Oscar took the tram uphill to Alfama, the old fishermen’s quarter in the middle of the city. From there he looked out over the River Tagus and listened to the sing-song tones of Portuguese spoken around him. A scattering of palm trees put him in mind of Africa; there was a Moorish feel to the place. But he paid little attention to his surroundings, all he wanted was to find some peaceful spot to escape the oppressive heat of the downtown area. The outdoor café he stopped at was almost empty. The sun shone on the Tagus, with its wide mouth leading out to the ocean. Cargo boats chugged upriver, fishing craft moored at the quays, pilot boats sent up curves of spray as they raced to their clients, yachts sailed leisurely to sea. It left him cold, all of it. It was as if a huge screen had been unrolled upon which the scene on the river was projected: unreal, obscure, a magic-lantern performance that had nothing to do with the real world. He heard seagulls, church bells, children playing in the alleys, the sounds of a lost age. It felt unseemly to be sitting there, as if he were shirking his duty. Which was what he had done, of course. He had tried his utmost to push Emma’s news to the back of his mind, pretend she had never told him. Only when that didn’t work, and the realisation hit him that he had no choice but to warn Morton, had he set about booking a flight. It had all taken days and days. Morton’s arm was long, but even for him Switzerland was a difficult nut to crack. In Portugal apparently he had more influence.

*

For the past three months Lara had occupied him without pause. Occupied was not the right word: too matter-of-fact. She held sway over him without touching, infusing every chamber of his soul with warmth. Even that was a poor description, like some old-fashioned fairytale romance; no, it would not do. Try as he might, he was unable to put his dreamed life with Lara into words. How she looked, moved, spoke, kept silent, asked a question. He felt himself the keeper of a warehouse of gestures and words, he was a repository of feelings both processed and raw. She took him back to the days before the death of his father, to an age of innocence. She was a wondrous, distant echo of the girl who had kissed him on the mouth in a fathomless past, and breathed life into him.

His memories of their first days together were all tangled up. His confusion had not abated since that day in Café Eiger and their walk the next morning – not before ten, she had said, and he had been there at ten.

“Hello, Oscar, quite a change from yesterday, isn’t it?” The sun had not yet risen above the Jungfrau, which stood out against the deep blue sky in almost lurid contrast. Waiters were shovelling the snow off the terrace into banks along the edges. There was one couple having breakfast with their overcoats on, waiting for the sun to burst upon them.

“Germans,” Lara muttered. “Complete fanatics.” Oscar, ever on his guard, peered at them. But they seemed harmless: the man and the woman were far too showily dressed, and besides, he had only decided to go skiing on the spur of the moment two days earlier. But should he not, for his part, have made some enquiries about Lara? He dismissed the idea at once, feeling almost ashamed.

“Shall we walk to Kleine Scheidegg?” He had made the suggestion casually, as if that was what they had already agreed to do. Going to sit with her at a table again seemed a little daunting. The previous day had been the longest café-table session of his life: an avalanche of impressions as he came under the spell of the woman he was with, who had dropped from the snowy sky like a falcon on a field mouse.

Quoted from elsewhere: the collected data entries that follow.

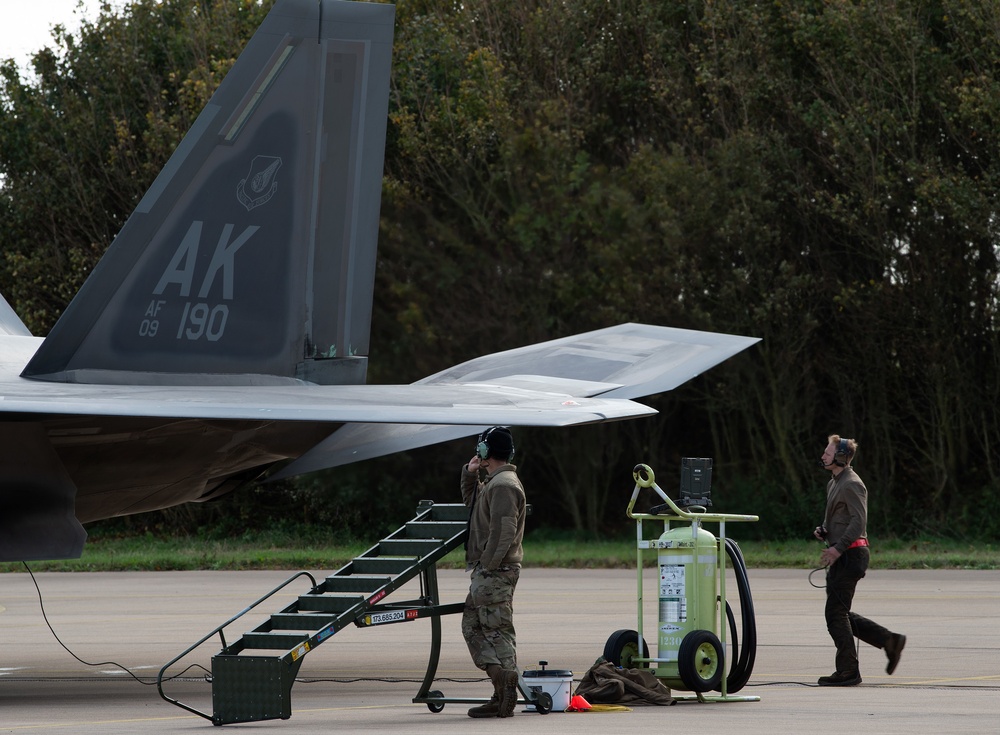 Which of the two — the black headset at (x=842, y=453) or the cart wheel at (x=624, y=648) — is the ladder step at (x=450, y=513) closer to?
the cart wheel at (x=624, y=648)

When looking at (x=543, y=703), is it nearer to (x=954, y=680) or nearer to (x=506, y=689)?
(x=506, y=689)

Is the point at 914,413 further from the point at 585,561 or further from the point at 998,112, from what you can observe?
the point at 585,561

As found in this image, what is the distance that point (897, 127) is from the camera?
2842 cm

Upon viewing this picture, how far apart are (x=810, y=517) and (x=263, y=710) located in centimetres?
2315

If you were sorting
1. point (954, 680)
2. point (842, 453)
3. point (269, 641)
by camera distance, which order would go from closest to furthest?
point (269, 641), point (954, 680), point (842, 453)

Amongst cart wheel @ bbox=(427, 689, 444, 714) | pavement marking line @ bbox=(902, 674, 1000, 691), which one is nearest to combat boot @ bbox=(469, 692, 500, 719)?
cart wheel @ bbox=(427, 689, 444, 714)

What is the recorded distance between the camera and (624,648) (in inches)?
441

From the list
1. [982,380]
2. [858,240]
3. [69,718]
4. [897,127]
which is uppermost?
[897,127]

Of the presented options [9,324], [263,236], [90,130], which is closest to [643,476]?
[263,236]

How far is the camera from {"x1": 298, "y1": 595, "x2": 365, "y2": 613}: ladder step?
1040 cm

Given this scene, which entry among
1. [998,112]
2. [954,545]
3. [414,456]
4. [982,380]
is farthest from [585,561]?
[998,112]

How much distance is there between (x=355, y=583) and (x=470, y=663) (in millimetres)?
3475

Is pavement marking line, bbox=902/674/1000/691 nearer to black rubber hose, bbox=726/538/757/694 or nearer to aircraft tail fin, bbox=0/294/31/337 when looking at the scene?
black rubber hose, bbox=726/538/757/694

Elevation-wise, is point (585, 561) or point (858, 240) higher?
point (858, 240) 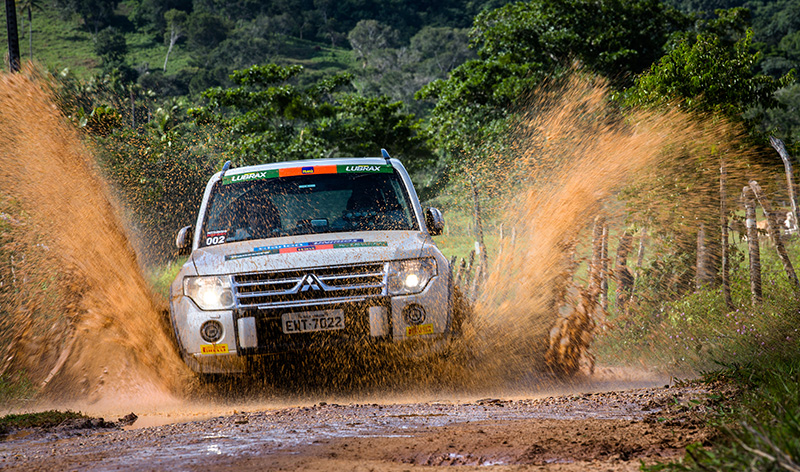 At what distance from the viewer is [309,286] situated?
5262 mm

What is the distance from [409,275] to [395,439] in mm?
1714

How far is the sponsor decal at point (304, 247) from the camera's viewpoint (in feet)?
18.0

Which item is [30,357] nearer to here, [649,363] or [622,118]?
[649,363]

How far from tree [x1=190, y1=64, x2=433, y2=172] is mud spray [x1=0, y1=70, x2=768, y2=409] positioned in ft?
45.2

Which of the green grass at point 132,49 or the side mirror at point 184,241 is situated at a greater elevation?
the green grass at point 132,49

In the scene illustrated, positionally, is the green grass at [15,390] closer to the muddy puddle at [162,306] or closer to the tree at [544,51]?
the muddy puddle at [162,306]

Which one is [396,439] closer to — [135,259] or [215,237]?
[215,237]

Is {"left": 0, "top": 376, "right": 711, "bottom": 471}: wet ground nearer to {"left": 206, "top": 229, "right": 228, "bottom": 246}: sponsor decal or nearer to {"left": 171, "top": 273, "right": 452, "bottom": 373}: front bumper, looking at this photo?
{"left": 171, "top": 273, "right": 452, "bottom": 373}: front bumper

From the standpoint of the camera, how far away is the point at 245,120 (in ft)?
92.5

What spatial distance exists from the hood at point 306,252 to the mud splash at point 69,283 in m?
0.88

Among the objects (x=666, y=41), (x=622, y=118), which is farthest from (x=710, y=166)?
(x=666, y=41)

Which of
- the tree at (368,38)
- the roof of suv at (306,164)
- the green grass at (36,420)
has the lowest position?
the green grass at (36,420)

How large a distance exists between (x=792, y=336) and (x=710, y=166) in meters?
4.16

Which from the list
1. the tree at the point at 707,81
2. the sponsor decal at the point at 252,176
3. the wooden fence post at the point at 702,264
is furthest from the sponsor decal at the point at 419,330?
the tree at the point at 707,81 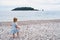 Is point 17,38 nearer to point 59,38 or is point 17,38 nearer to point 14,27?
point 14,27

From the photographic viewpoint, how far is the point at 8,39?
13.7 m

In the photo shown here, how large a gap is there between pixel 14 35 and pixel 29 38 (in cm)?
115

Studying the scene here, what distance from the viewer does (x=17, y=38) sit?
46.5 ft

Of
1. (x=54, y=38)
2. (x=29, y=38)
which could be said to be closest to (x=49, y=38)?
(x=54, y=38)

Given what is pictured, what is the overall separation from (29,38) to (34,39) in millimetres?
508

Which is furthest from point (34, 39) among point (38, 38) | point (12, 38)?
point (12, 38)

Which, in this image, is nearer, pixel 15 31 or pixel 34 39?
pixel 34 39

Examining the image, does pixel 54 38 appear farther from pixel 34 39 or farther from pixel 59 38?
pixel 34 39

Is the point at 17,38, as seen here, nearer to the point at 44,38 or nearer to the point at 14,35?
the point at 14,35

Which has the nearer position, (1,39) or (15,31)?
(1,39)

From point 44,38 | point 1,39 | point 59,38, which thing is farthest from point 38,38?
point 1,39

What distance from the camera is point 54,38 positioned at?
45.0ft

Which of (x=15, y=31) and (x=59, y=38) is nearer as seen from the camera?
(x=59, y=38)

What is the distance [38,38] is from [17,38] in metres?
1.33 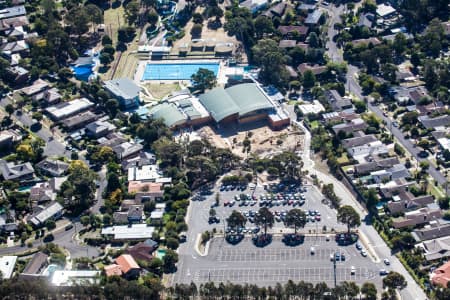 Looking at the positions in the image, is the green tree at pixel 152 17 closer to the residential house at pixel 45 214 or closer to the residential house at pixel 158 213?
the residential house at pixel 158 213

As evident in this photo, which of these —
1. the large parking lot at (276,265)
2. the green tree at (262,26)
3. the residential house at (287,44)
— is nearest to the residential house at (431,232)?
the large parking lot at (276,265)

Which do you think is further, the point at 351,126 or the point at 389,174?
the point at 351,126

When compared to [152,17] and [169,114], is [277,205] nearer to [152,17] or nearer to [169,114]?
[169,114]

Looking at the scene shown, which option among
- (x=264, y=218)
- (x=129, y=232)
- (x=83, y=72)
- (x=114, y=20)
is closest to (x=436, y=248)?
(x=264, y=218)

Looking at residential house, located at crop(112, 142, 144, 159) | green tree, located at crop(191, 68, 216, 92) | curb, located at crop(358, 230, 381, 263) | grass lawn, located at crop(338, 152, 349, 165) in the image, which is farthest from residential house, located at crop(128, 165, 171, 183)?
curb, located at crop(358, 230, 381, 263)

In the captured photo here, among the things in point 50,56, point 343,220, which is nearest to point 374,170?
point 343,220

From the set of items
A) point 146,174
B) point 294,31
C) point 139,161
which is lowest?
point 146,174
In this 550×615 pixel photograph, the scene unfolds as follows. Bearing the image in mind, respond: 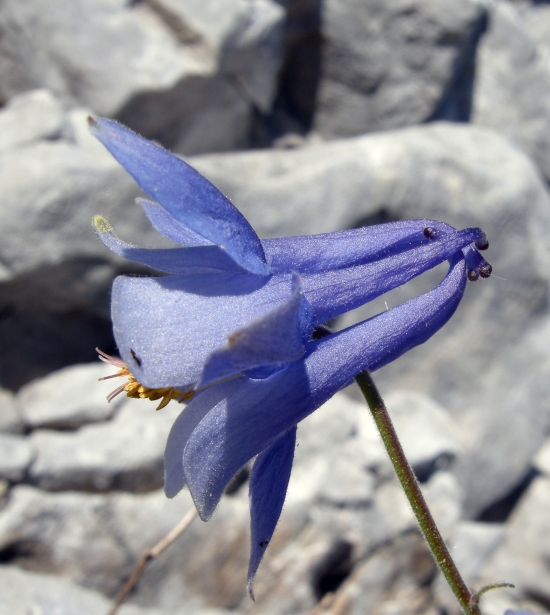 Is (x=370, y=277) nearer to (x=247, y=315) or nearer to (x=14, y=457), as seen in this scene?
(x=247, y=315)

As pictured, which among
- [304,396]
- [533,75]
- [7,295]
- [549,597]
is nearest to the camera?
[304,396]

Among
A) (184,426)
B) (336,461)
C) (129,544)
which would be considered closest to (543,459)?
(336,461)

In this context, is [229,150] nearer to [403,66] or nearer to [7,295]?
[403,66]

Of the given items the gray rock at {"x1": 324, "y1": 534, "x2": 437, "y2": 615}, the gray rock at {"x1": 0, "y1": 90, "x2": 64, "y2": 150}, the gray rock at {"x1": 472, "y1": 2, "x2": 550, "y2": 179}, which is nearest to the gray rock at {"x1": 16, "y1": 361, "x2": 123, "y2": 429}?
the gray rock at {"x1": 0, "y1": 90, "x2": 64, "y2": 150}

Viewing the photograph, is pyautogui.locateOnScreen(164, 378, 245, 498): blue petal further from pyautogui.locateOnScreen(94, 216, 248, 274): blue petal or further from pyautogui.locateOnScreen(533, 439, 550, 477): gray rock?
pyautogui.locateOnScreen(533, 439, 550, 477): gray rock

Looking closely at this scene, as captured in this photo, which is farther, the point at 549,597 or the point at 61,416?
the point at 549,597

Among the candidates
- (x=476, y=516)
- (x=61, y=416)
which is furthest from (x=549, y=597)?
(x=61, y=416)

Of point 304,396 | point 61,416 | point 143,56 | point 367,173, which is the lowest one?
point 61,416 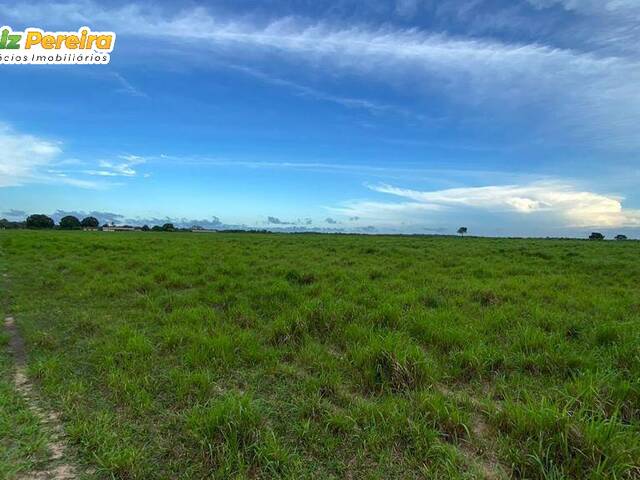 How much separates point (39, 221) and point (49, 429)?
109m

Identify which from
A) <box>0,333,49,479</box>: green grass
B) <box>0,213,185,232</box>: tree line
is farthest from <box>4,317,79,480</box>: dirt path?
<box>0,213,185,232</box>: tree line

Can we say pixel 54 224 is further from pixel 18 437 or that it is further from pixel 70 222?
pixel 18 437

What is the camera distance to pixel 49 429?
3584 millimetres

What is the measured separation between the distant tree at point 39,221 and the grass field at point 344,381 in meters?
100

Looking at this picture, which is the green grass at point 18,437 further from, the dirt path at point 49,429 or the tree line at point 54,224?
the tree line at point 54,224

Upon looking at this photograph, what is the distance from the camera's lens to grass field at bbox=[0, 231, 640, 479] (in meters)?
3.10

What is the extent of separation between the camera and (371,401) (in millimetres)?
4039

Lara van Oosten, forty-one years old, whose life, according to her, seemed to be over. No children, and a boyfriend she had once loved, but whose whereabouts now were unknown. He might be dead, in fact that was quite likely. In any case, he had vanished. The story of her life. She evoked in him a sharp ache of yearning which he had not known since boyhood, when books and poems were opening up a dizzying range of possibilities, when he met the girl who whisked him away from an existence flowing calmly along its steady course. Now, aged fifty-six, he found himself well and truly at sea.